** Opening MATERIALS PROVIDED block **
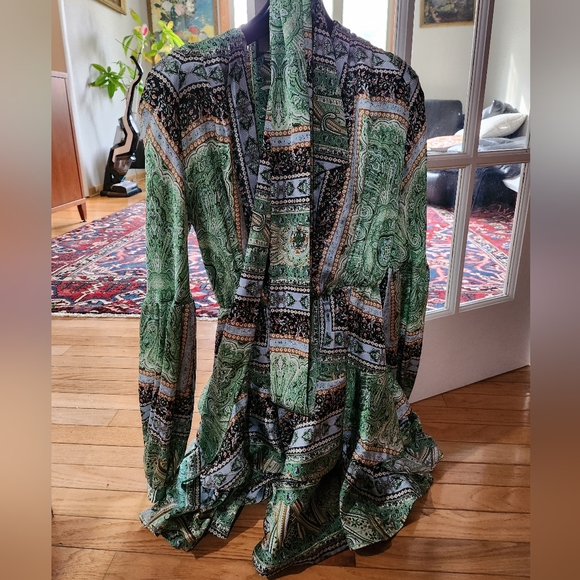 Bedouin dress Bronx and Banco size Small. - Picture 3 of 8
** Closing MATERIALS PROVIDED block **
** Opening MATERIALS PROVIDED block **
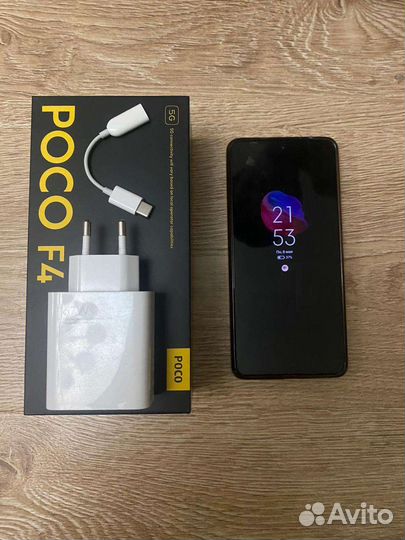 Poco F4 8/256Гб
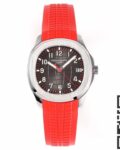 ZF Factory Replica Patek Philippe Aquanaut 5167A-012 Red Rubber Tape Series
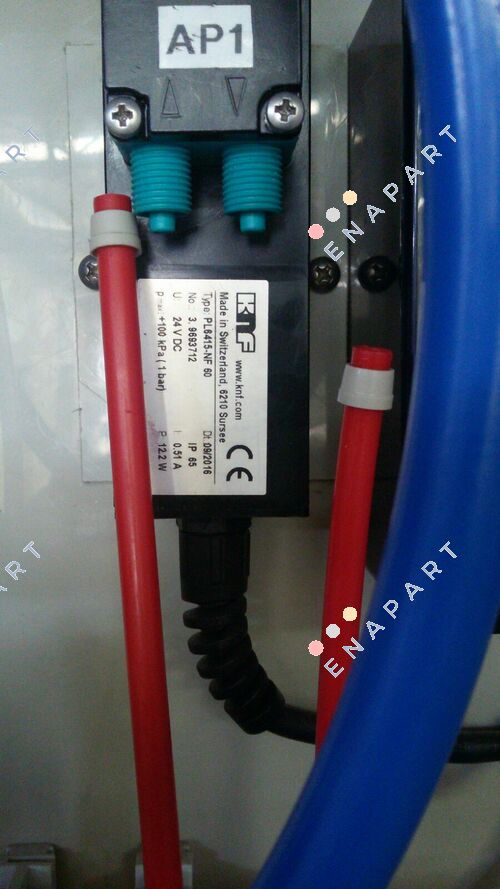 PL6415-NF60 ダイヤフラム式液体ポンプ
** Closing MATERIALS PROVIDED block **
** Opening MATERIALS PROVIDED block **
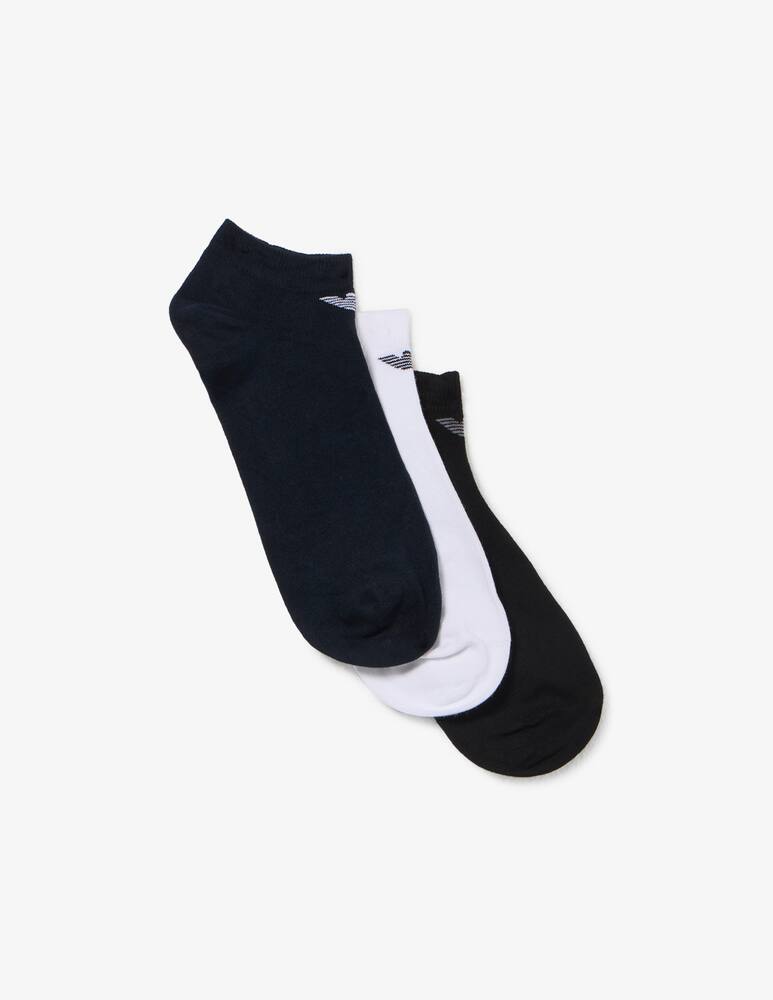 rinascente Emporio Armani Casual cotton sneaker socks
** Closing MATERIALS PROVIDED block **
§ WHAT IS REQUIRED
Starting at the line above with "ZF Factory Replica", output every line exactly up to and including the line with "PL6415-NF60 ダイヤフラム式液体ポンプ", but none of the pictures.

§ RESULT FOR THIS TASK
 ZF Factory Replica Patek Philippe Aquanaut 5167A-012 Red Rubber Tape Series
 PL6415-NF60 ダイヤフラム式液体ポンプ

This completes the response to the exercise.